L'année dernière 16 000 participants ont suivi cette retraite spirituelle en
ligne.
Beaucoup
ont vu dans les « cyber-churches » un nouveau terrain de prédication.
Soucieux de renouveler ses modes d'expression, le diocèse anglican d'Oxford a
été le premier à lancer sa propre église virtuelle, i-church (www.i-church.org),
en 2003. En mai 2004, l'évêque de Londres, Richard Chartres donne le sermon
inaugural de l'Eglise des Fous (www.churchoffools.com), la
première église virtuelle en 3 D. Sous la forme d'un avatar de son choix, le
visiteur peut se déplacer dans l'église à l'aide de sa souris, mais aussi
prier, chanter, discuter avec d'autres avatars, et bien entendu, écouter les
sermons du pasteur. Signe de son succès, la même année, l'Eglise des Fous a
accueilli 41 000 visiteurs en 24 heures.
Bouleverser
les hiérarchies sacrées
Les églises en ligne proposent tout un
panel de services higt-tech; prières, retraite, aumônerie et même conversion en
ligne. Sur Onlinedarshan (www.onlinedarshan.com)

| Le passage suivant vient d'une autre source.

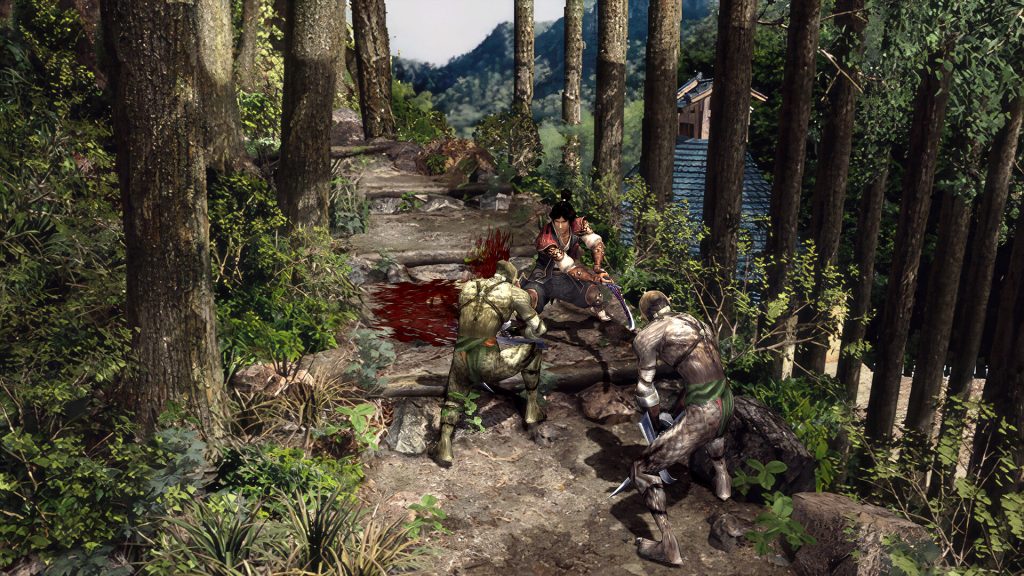 图片[5]-鬼武者2：高清复刻版/Onimusha 2: Samurai's Destiny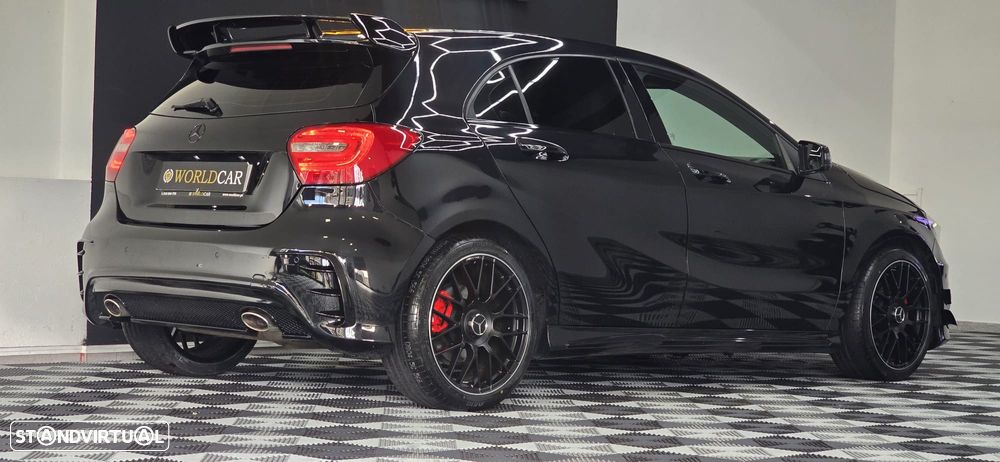 Mercedes-Benz A 200 CDI 7G-DCT AMG Line - 16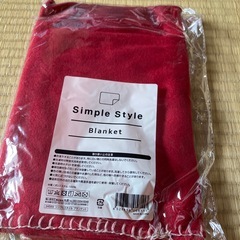 🌈新品未使用未開封🌈ブランケット🌈の画像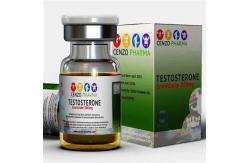 China Cenzo Pharma Customzied Labels And Boxes Anavar Oral Test E Oil supplier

les fidèles hindous peuvent écouter des bhajans (chants dévotionnels),
faire virtuellement des pujas (rituels de vénération) en déposant par
exemple une fleur devant une image de Krishna, à l'aide de la souris. Offre de
services illimitée, à la carte et en libre-service, les fidèles se promènent de
site en site et pratiquent le butinage spirituel. Bien entendu, les marchands
du Temple ont également envahi le Web via des sites faussement informatifs,
dont les boutiques en ligne leur donne des sites de grande surface.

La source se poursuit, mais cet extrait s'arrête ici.